_DATA SECTION_:
★ ★ ★
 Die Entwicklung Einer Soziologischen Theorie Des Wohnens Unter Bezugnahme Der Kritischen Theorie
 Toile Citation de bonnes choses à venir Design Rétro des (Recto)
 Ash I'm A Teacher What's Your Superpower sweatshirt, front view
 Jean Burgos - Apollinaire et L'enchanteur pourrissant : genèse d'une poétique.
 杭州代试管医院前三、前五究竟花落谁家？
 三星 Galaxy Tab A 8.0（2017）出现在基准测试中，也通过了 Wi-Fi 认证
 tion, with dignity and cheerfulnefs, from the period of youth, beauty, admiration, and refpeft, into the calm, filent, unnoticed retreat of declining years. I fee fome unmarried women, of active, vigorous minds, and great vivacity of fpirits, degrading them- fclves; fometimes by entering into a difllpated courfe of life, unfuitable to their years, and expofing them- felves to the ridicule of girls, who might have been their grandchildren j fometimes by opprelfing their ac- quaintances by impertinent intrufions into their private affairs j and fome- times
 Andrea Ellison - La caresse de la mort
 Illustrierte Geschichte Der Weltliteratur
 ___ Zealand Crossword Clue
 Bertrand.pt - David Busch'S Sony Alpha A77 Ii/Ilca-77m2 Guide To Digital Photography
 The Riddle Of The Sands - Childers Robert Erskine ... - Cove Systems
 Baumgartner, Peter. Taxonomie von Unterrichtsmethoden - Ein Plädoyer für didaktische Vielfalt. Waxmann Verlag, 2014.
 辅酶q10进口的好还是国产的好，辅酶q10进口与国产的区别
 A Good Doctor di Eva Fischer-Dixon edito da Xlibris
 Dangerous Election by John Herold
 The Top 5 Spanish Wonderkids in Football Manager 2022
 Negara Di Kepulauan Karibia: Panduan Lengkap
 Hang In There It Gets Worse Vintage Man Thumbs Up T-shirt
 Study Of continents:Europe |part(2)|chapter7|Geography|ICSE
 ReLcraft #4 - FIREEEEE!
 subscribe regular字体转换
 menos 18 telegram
★ ★ ★
_EXERCISE REQUIREMENTS_: The records above should be printed exactly, please, from the first line through the line containing "The Riddle Of", with both ends kept and nothing past it.

_RESPONSE TO THE TASK_:
 Die Entwicklung Einer Soziologischen Theorie Des Wohnens Unter Bezugnahme Der Kritischen Theorie
 Toile Citation de bonnes choses à venir Design Rétro des (Recto)
 Ash I'm A Teacher What's Your Superpower sweatshirt, front view
 Jean Burgos - Apollinaire et L'enchanteur pourrissant : genèse d'une poétique.
 杭州代试管医院前三、前五究竟花落谁家？
 三星 Galaxy Tab A 8.0（2017）出现在基准测试中，也通过了 Wi-Fi 认证
 tion, with dignity and cheerfulnefs, from the period of youth, beauty, admiration, and refpeft, into the calm, filent, unnoticed retreat of declining years. I fee fome unmarried women, of active, vigorous minds, and great vivacity of fpirits, degrading them- fclves; fometimes by entering into a difllpated courfe of life, unfuitable to their years, and expofing them- felves to the ridicule of girls, who might have been their grandchildren j fometimes by opprelfing their ac- quaintances by impertinent intrufions into their private affairs j and fome- times
 Andrea Ellison - La caresse de la mort
 Illustrierte Geschichte Der Weltliteratur
 ___ Zealand Crossword Clue
 Bertrand.pt - David Busch'S Sony Alpha A77 Ii/Ilca-77m2 Guide To Digital Photography
 The Riddle Of The Sands - Childers Robert Erskine ... - Cove Systems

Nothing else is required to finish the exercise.